(Captioned web images)
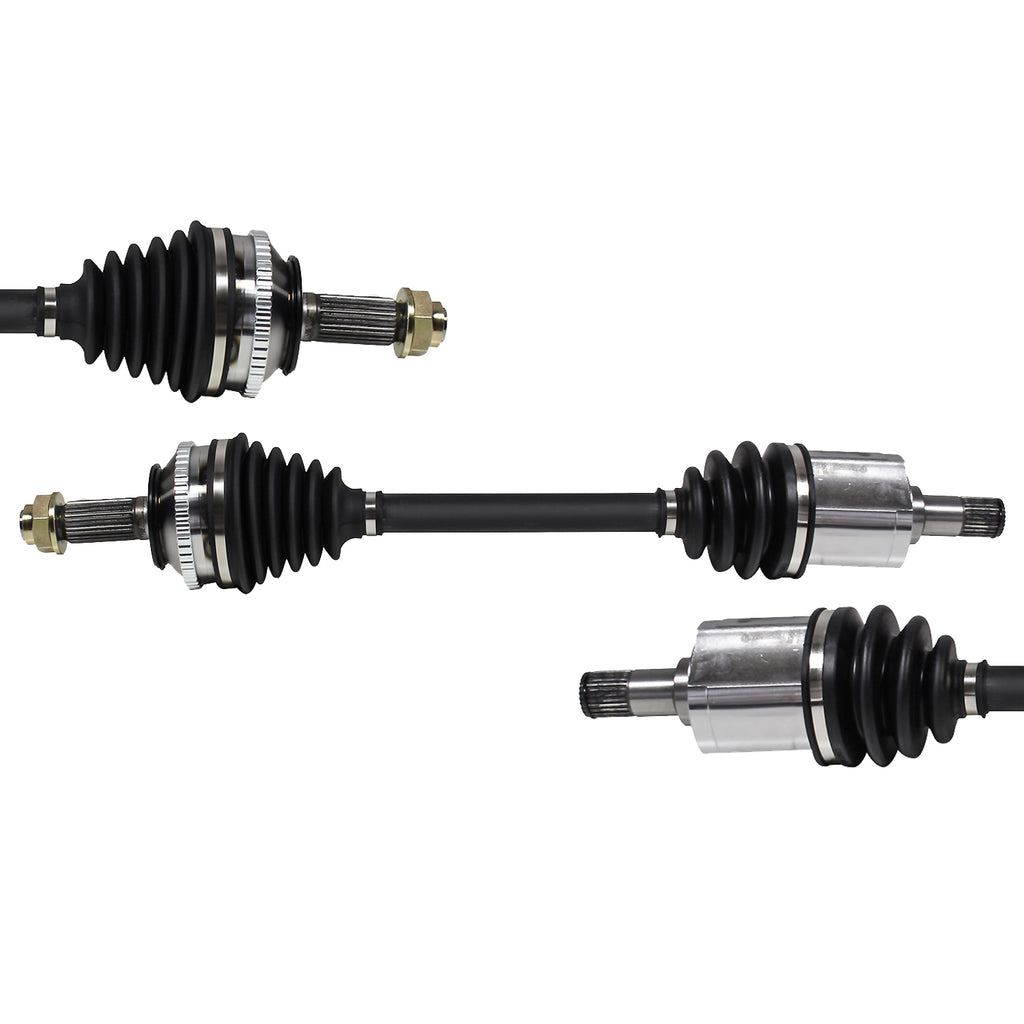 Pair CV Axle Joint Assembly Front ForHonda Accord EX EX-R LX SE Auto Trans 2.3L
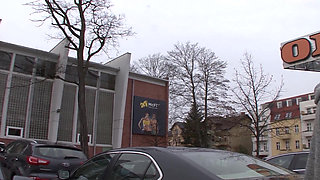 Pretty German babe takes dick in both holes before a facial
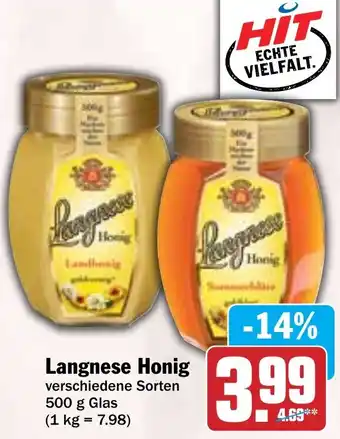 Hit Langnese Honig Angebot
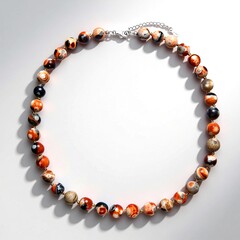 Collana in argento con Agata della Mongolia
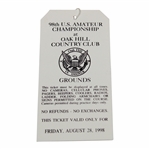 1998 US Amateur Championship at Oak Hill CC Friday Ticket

TASK REQUIREMENTS:
Pictures aside, repeat each entry in full and without change.

EXERCISE OUTPUT:
 Pair CV Axle Joint Assembly Front ForHonda Accord EX EX-R LX SE Auto Trans 2.3L
 Pretty German babe takes dick in both holes before a facial
 Hit Langnese Honig Angebot
 Collana in argento con Agata della Mongolia
 1998 US Amateur Championship at Oak Hill CC Friday Ticket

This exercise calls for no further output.